How to grade individuals for group work: Peer- and self-assessments may be key

iStock_000020536048XSmallIn every group, there are those who pull their weight, those who pull more than their share of the weight and those who pull less.

With group learning so popular in today’s classroom, grading students for group activities is a vexing problem for teachers who are not privy to how the group dynamics are working and for students who resent or feel hampered by other students when the workload is not well-distributed.

In an article published in the Journal of Chemical Education, ThomasJ. Wenzel, a professor of chemistry at Bates College says he asks his college students to give peer assessments and self-assessments on group lab and classroom work.

“I have found through course surveys that the students appreciate the chance to provide such evaluations, especially in the situation in which they have a laboratory partner who is not fulfilling his or her responsibilities on the project,” writes Wenzel. 

“The use of peer- and self-evaluations allows me to provide better feedback to the students and to feel more confident in assigning each individual a grade for their contribution to the group laboratory project.”

One approach is to ask group members open-ended questions about group and individual performance:

Group questions include:

  • Did everyone in your group contribute to the activity today? If so, explain how; if not, identify what individuals need to do to assure participation by al.
  • Did everyone in your group understand the material covered in the activity today? If so, explain how your group assured that everyone understood; if not, identify what your group needs to do to assure that everyone in the group understands the material.
  • Identify three things your group could do to work more effectively and efficiently.
  • Identify one contribution made by each member of your group to today’s activity,
  • What constructive feedback can you give another group member on application of a skill?.
  • Develop a short-term plan and a long-term plan to strengthen your team’s performance.

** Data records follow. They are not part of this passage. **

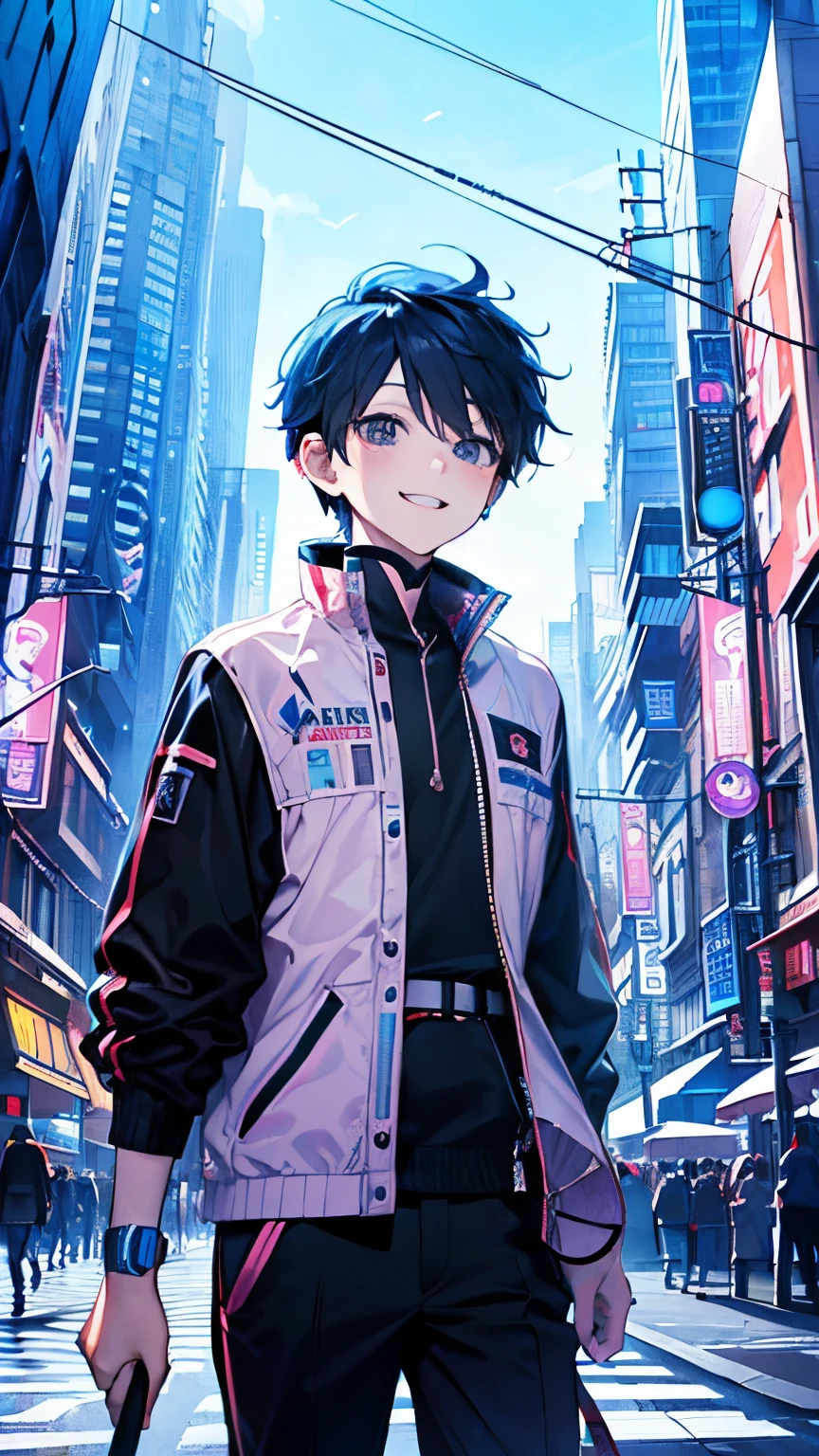 (brush),((cute,kawaii,wonderland)),(A big smile),((boy,Shota,juvenile:1.2)),((Street dancer in a futuristic city:1.25)),Angle from below,Angle of incitement,((Stroll along the stardust road)),(Short Hair:1.3),Close-up of face.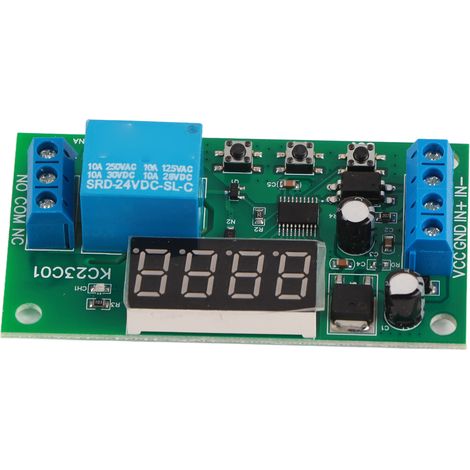 Relais temporisé multifonction module 1 canal 24V, compteur d'impulsions 0,1s à 9999999,9s, précision 0,01s, carte relais programmable (1/5)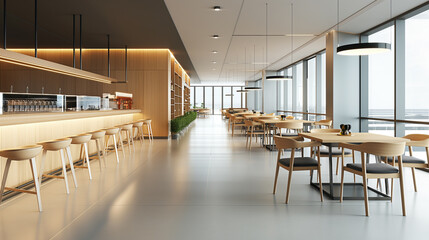 Modern concept design of restaurant lounge in minimalism aesthetic style 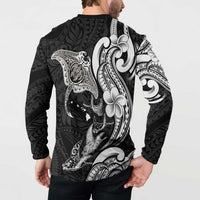 Hawaiian Manta Rays Button Sweatshirt Tribal Hibiscus Polynesian Tattoos Black Color LT03 - Polynesian Pride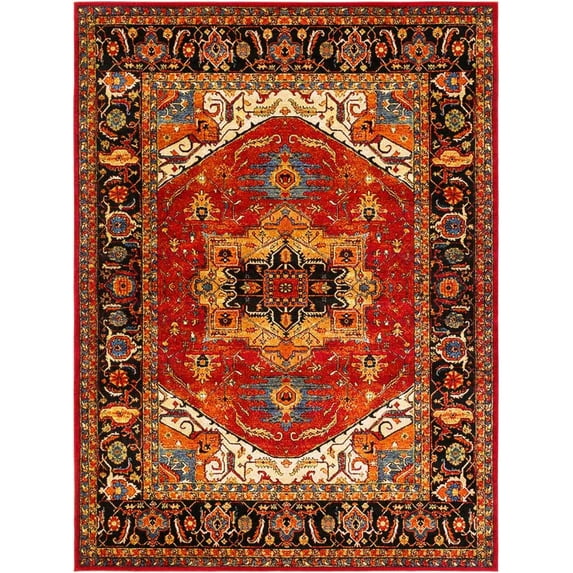 BoutiqueRugs Malpas Traditional Area Rug - Burgundy, Black, Light Brown - 2' x 2'11"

Individual questions include:

  • Identify three ways you and the other group members have modified or could
  • modify study habits and strategies in order to improve performance on examinations.
  • List two strengths and two improvements in reference to yourself in today’s workshop.
  • Cite two examples of how you carried out your team responsibility or role.

Wenzel also suggests an alternative approach: Give students a set of specific criteria that they then can evaluate on a numerical scale based on the quality of performance on that specific task, ability or contribution. His sample list includes:

  • gathering preliminary background literature;.
  • helping to develop and write the project plan.
  • undertaking a fair share of the work.
  • ability to generate good ideas and solve problems,
  • ability to arrive at consensus and overcome difficulties.
  • ability to facilitate the group’s efforts;.
  • contribution to the final written report; and contribution to the final oral presentation.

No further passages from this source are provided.